Rural health care issues were the topic at hand for the Secretary of Health, Kathleen Sebelius. She sat with open ears as members of the panel discussed many problems that rural hospitals face. President of the regional division for St. Johns Clinic, David Barbe, was a member of the panel.
“From the clinical standpoint, I think all of us know about the aging of the population, the significant increase of Medicare patients we will be seeing over the next ten to twenty years. That comes in the face of a very challenging economic situation. Our number of residents living below the poverty line is greater here than for the rest of the state. The number of Medicaid recipients is greater than the rest of the state.

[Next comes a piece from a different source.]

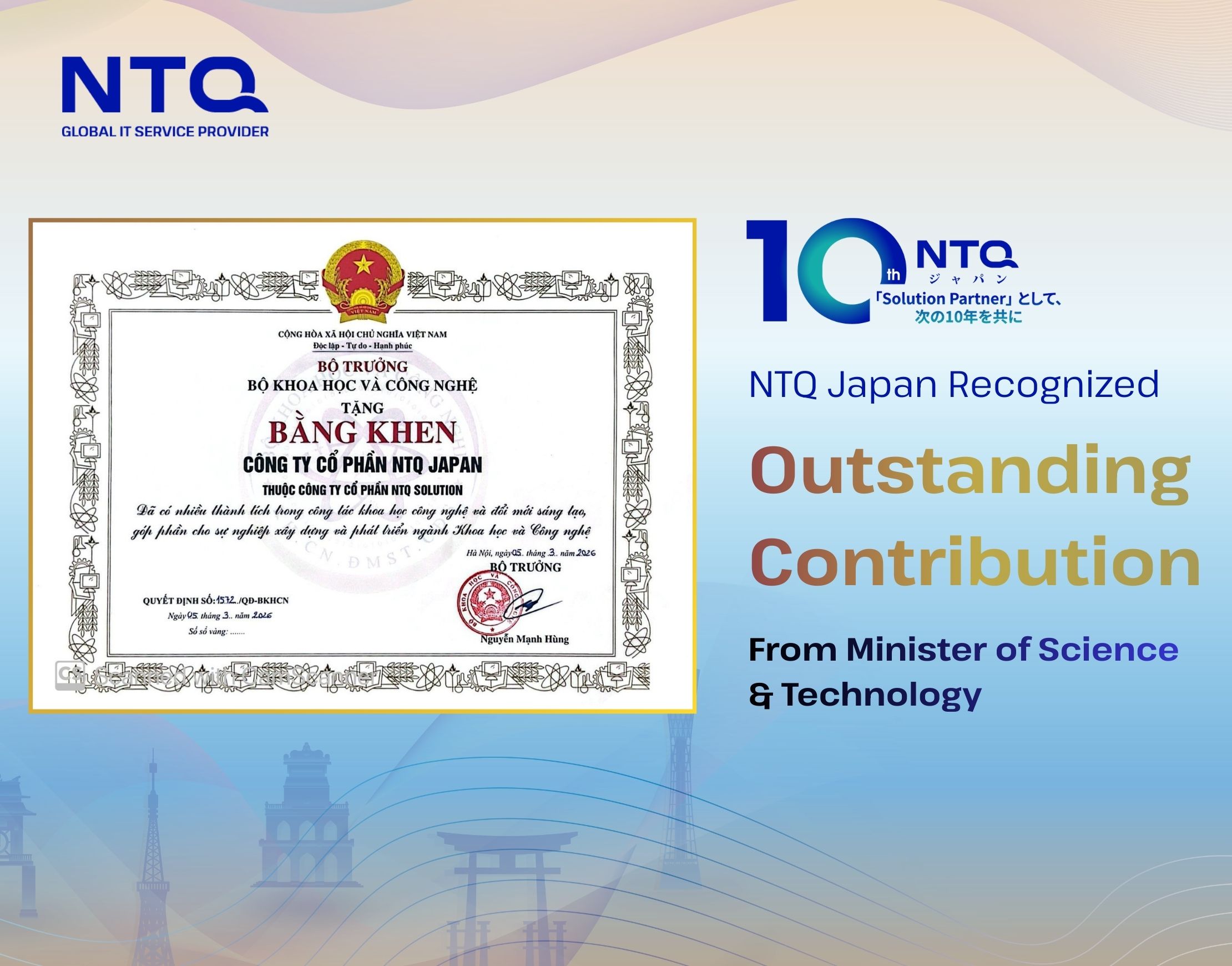 NTQ Japan Recognized for Contributions to Vietnam’s IT Industry Over The Past Decade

And yet we have significant challenge in finding enough physicians and other health care providers to meet the demographic demands,” says Barbe.
Barbe also cites a greater population of people with heart and chronic lung disease due to obesity and smoking.
In order to save money and also keep people healthier the most prominent possibility for a solution, according to Sebelius is continual, follow up care for all patients.
“We pay a little over twice as much as any other country in the world for health care and yet we don’t have health results that look very good. We think that better outcomes by far is the best way to go and if we lower smoking rates and lower obesity rates the two underlying causes of lots of our chronic conditions. We will have a significant impact on healthcare outcomes because right now 7 out of 10 deaths is related to chronic disease and 75 cents of every health care problems is related to chronic disease so if we can lower those two factors we will have a huge impact on what people are paying and have a healthier country,” says Sebelius.
According to Sebelius, improving quality measure could save Medicare $50 billion over ten years. For KSMU News, I’m Matthew Barnes.